[PATCH v2 bpf-next] bpf: Relax precision marking in open coded iters and may_goto loop.

Alexei Starovoitov <alexei.starovoitov@xxxxxxxxx> · Wed, 22 May 2024 23:42:19 -0700

From: Alexei Starovoitov <ast@xxxxxxxxxx>

v1->v2:
- Replaced copy precision logic with faster and more accurate alternative.
  See find_precision().
- Removed ignore_bad_range. Now is_branch_taken() logic is used
  to mark either false or true register as unknown.
  That keeps reg_bounds_sanity_check() functioning at jmp insn and later.
- Added a test similar to iter_task_vma_for_each, but more complext with
  a mix of arena and normal pointers.

Motivation for the patch
------------------------
Open coded iterators and may_goto is a great mechanism to implement loops,
but counted loops are problematic. For example:
  for (i = 0; i < 100 && can_loop; i++)
is verified as a bounded loop, since i < 100 condition forces the verifier
to mark 'i' as precise and loop states at different iterations are not equivalent.
That removes the benefit of open coded iterators and may_goto.
The workaround is to do:
  int zero = 0; /* global or volatile variable */
  for (i = zero; i < 100 && can_loop; i++)
to hide from the verifier the value of 'i'.
It's unnatural and so far users didn't learn such odd programming pattern.

This patch aims to improve the verifier to support
  for (i = 0; i < 100000 && can_loop; i++)
as open coded iter loop (when 'i' doesn't need to be precise).

Algorithm
---------
First of all:
   if (is_may_goto_insn_at(env, insn_idx)) {
+          update_loop_entry(cur, &sl->state);
           if (states_equal(env, &sl->state, cur, RANGE_WITHIN)) {
-                  update_loop_entry(cur, &sl->state);

It changes the definition of the verifier states loop.
Previously, we considered a state loop to be such a sequence of states
Si -> ... -> Sj -> ... -> Sk that states_equal(Si, Sk, RANGE_WITHIN)
is true.

With this change Si -> ... -> Sj -> ... Sk is a loop if call sites and
instruction pointers for Si and Sk match.

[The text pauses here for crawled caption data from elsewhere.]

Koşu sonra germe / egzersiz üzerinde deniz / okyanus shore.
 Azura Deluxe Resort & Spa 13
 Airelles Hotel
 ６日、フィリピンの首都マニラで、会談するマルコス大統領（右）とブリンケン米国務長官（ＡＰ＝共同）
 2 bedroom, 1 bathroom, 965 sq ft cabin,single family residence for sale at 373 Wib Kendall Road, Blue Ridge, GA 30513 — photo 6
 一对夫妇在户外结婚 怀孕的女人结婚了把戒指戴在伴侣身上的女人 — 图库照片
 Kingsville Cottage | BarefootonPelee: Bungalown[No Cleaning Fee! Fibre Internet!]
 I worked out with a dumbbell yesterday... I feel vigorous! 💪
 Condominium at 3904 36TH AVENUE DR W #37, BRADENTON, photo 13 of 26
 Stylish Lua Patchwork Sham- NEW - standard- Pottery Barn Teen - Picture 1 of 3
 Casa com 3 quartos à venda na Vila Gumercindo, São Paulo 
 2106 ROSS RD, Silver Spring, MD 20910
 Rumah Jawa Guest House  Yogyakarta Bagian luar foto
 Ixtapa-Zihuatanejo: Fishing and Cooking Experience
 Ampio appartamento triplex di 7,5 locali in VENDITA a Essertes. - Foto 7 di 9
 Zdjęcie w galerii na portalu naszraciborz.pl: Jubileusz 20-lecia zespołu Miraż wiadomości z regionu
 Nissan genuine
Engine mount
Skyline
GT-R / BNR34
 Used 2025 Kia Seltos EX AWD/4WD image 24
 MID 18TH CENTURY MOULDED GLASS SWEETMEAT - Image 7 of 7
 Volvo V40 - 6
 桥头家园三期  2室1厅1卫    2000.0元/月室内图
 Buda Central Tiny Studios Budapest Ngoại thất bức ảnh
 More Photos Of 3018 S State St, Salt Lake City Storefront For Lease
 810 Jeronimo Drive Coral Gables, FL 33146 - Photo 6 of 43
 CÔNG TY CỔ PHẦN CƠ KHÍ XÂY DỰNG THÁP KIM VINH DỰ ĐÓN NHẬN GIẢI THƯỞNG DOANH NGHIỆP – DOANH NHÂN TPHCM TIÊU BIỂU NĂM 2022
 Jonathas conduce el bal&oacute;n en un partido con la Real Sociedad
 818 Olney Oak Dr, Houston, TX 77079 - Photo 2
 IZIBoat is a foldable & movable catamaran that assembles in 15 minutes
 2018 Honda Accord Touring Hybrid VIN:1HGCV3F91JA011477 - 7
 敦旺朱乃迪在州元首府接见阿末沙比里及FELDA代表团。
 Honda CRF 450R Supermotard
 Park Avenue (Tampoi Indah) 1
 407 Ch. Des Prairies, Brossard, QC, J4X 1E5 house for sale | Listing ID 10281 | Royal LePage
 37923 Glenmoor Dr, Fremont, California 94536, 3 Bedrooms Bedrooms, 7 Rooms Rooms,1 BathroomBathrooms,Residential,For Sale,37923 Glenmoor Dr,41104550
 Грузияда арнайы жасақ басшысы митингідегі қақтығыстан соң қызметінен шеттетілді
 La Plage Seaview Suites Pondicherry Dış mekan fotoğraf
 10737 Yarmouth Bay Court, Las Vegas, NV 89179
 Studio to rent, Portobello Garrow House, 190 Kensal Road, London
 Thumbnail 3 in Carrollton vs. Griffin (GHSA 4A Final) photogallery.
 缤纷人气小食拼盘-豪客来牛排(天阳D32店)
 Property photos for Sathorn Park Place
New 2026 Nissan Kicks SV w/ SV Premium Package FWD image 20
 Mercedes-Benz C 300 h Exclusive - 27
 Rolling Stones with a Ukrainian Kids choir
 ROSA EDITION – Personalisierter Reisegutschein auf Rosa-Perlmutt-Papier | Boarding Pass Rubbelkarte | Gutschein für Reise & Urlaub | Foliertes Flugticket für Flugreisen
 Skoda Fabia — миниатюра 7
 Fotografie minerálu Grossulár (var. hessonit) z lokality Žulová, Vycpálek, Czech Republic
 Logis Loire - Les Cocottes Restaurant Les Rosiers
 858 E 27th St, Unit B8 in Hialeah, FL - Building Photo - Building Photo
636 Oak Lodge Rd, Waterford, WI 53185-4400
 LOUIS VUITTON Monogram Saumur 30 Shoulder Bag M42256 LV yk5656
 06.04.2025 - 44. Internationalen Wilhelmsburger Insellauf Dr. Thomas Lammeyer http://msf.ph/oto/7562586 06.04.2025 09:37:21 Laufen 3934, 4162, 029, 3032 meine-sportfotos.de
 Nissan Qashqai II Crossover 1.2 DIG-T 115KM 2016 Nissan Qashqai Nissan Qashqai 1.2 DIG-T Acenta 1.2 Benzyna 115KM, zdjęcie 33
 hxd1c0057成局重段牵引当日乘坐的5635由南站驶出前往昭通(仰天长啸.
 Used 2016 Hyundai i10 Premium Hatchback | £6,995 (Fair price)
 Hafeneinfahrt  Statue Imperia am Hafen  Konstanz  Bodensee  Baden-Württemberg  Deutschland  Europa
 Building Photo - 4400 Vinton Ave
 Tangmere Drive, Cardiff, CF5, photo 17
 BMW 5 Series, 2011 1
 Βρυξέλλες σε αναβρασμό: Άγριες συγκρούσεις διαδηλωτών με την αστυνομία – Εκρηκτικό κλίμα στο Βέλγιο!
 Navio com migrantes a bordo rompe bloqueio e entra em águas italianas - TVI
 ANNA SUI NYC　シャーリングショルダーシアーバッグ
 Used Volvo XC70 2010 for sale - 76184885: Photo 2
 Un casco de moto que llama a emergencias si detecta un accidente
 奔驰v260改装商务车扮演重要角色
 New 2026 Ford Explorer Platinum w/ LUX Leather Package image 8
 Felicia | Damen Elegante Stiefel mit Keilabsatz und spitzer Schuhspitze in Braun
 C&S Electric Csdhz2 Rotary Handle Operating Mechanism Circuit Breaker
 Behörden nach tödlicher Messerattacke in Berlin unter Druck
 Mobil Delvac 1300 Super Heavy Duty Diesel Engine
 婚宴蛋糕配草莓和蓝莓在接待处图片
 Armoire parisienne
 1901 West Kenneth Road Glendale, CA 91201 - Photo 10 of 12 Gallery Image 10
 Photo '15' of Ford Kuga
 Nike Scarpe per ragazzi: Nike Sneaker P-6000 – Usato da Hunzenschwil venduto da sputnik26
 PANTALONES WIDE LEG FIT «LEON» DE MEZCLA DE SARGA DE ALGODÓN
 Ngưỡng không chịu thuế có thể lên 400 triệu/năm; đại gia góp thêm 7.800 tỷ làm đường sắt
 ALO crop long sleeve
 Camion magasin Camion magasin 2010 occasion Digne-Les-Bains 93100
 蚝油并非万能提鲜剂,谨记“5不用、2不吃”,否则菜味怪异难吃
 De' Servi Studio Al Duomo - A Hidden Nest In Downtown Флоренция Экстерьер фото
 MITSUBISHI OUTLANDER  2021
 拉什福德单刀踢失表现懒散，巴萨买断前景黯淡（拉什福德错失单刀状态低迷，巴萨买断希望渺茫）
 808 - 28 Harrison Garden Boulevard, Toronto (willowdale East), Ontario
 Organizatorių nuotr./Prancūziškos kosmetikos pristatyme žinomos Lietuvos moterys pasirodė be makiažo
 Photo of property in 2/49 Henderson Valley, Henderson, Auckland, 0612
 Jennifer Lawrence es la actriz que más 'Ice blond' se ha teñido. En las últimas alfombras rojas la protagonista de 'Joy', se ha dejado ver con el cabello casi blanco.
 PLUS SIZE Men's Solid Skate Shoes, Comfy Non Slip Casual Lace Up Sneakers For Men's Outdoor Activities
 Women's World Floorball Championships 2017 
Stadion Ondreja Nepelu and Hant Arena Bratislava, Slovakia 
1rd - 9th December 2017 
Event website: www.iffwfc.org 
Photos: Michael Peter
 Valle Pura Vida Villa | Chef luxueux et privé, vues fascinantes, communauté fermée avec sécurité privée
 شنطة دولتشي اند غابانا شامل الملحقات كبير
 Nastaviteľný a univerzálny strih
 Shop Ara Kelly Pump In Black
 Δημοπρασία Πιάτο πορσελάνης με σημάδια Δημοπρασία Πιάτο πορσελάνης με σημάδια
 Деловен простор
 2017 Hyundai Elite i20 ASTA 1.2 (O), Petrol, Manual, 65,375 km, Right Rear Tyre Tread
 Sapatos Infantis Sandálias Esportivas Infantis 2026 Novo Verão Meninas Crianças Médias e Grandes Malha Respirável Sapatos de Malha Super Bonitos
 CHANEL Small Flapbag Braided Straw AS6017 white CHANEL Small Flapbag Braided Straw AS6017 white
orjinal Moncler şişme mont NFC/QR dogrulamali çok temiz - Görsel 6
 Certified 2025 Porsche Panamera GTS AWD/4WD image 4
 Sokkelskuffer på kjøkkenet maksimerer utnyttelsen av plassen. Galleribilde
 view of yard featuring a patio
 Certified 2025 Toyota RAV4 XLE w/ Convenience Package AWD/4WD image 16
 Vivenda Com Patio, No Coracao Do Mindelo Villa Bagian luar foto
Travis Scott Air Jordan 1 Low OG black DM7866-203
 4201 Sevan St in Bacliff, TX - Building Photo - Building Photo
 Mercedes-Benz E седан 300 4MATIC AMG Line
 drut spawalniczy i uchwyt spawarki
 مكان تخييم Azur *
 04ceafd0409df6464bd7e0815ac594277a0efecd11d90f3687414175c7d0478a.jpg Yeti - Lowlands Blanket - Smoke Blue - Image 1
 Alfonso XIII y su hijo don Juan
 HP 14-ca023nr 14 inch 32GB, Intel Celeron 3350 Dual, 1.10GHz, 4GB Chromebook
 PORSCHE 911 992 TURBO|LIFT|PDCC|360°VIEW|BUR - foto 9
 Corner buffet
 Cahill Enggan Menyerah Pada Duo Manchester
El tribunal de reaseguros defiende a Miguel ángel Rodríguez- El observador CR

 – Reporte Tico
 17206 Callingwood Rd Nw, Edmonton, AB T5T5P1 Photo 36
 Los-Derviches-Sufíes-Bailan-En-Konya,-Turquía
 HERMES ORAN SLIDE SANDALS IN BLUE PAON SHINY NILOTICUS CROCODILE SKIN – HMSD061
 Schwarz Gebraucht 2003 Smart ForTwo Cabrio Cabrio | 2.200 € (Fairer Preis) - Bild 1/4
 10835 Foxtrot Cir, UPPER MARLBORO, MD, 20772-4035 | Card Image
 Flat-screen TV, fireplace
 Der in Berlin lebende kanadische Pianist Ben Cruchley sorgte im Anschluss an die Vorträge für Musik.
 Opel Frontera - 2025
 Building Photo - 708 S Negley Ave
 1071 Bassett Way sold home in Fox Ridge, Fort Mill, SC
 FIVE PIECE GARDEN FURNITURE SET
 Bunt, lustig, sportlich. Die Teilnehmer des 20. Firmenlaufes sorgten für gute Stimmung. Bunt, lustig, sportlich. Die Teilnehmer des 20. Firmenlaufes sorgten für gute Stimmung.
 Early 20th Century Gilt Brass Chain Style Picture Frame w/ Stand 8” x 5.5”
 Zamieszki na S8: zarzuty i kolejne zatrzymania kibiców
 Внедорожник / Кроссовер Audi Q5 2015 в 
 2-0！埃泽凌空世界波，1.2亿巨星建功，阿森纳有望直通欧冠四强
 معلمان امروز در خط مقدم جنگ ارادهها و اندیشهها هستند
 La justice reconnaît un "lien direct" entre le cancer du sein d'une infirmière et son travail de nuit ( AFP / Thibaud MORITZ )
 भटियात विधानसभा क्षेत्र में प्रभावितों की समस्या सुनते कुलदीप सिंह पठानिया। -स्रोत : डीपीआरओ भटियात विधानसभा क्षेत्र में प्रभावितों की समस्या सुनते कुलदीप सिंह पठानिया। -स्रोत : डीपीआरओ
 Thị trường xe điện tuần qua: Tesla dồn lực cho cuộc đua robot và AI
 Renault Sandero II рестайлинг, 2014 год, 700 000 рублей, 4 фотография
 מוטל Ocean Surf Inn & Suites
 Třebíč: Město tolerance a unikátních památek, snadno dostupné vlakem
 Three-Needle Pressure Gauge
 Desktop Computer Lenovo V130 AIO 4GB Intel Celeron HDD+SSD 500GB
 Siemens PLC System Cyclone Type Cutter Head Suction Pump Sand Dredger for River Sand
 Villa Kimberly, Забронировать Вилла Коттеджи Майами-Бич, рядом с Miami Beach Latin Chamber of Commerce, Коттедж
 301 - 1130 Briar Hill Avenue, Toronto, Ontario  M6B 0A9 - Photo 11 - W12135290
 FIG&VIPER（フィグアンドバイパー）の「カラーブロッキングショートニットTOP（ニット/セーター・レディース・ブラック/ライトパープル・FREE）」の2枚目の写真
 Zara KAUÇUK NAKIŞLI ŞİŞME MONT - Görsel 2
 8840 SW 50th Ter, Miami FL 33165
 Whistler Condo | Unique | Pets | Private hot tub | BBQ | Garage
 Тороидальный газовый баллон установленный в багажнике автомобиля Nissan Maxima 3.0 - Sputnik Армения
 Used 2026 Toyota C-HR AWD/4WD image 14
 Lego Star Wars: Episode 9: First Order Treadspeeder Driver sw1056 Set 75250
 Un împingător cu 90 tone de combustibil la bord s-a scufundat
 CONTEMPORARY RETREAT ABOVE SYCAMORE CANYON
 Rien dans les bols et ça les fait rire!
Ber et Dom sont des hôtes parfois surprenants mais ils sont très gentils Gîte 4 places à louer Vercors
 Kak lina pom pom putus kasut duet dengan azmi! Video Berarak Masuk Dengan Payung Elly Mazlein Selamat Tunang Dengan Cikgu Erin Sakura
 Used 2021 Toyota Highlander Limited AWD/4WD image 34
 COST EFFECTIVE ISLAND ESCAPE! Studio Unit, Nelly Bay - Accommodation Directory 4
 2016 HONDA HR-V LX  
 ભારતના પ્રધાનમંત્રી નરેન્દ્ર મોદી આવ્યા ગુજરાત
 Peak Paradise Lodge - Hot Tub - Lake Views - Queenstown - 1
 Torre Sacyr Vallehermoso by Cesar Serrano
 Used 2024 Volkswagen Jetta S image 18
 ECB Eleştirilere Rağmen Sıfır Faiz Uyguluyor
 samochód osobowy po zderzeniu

Whether or not Si and Sk are in the loop influences two things:
(a) if exact comparison is needed for states cache;
(b) if widening transformation could be applied to some scalars.

All pairs (Si, Sk) marked as a loop using old definition would be
marked as such using new definition (in a addition to some new pairs).

Hence it is safe to apply (a) and (b) in strictly more cases.

Note that update_loop_entry() relies on the following properties:
- every state in the current DFS path (except current)
  has branches > 0;
- states not in the DFS path are either:
  - in explored_states, are fully explored and have branches == 0;
  - in env->stack, are not yet explored and have branches == 0
    (and also not reachable from is_state_visited()).

With that the get_loop_entry() can be used to gate is_branch_taken() logic.
When 'if (i < 1000)' is done within open coded iterator or in a loop with
may_goto invokes is_branch_taken() logic, but still follows both branches. It
uses is_branch_taken()'s prediction to mark false or true register as unknown.

Now, consider progs/iters_task_vma.c that has the following logic:
    bpf_for_each(...) {
       if (i > 1000)
          break;

       arr[i] = ..;
    }

Skipping precision mark at if (i > 1000) keeps 'i' imprecise,
but arr[i] will mark 'i' as precise anyway, because 'arr' is a map.
On the next iteration of the loop the patch does copy_precision()
that copies precision markings for top of the loop into next state
of the loop. So on the next iteration 'i' will be seen as precise.

Hence the key part of the patch:
ignore_pred = !(!get_loop_entry(this_branch) || src_reg->precise ||
                dst_reg->precise ||
                (BPF_SRC(insn->code) == BPF_K && insn->imm == 0));

!get_loop_entry(this_branch) -> if not inside open coded iter keep
  existing is_branch_taken() logic, since bounded loop relies on it.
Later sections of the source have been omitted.